§ **To do**
The whole of the data is to be duplicated precisely.

§ **Data section**
--

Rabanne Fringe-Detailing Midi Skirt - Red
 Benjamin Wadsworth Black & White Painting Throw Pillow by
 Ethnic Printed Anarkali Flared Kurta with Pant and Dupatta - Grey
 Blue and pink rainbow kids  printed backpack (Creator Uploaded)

--

§ **Solution for this exercise**
Rabanne Fringe-Detailing Midi Skirt - Red
 Benjamin Wadsworth Black & White Painting Throw Pillow by
 Ethnic Printed Anarkali Flared Kurta with Pant and Dupatta - Grey
 Blue and pink rainbow kids  printed backpack (Creator Uploaded)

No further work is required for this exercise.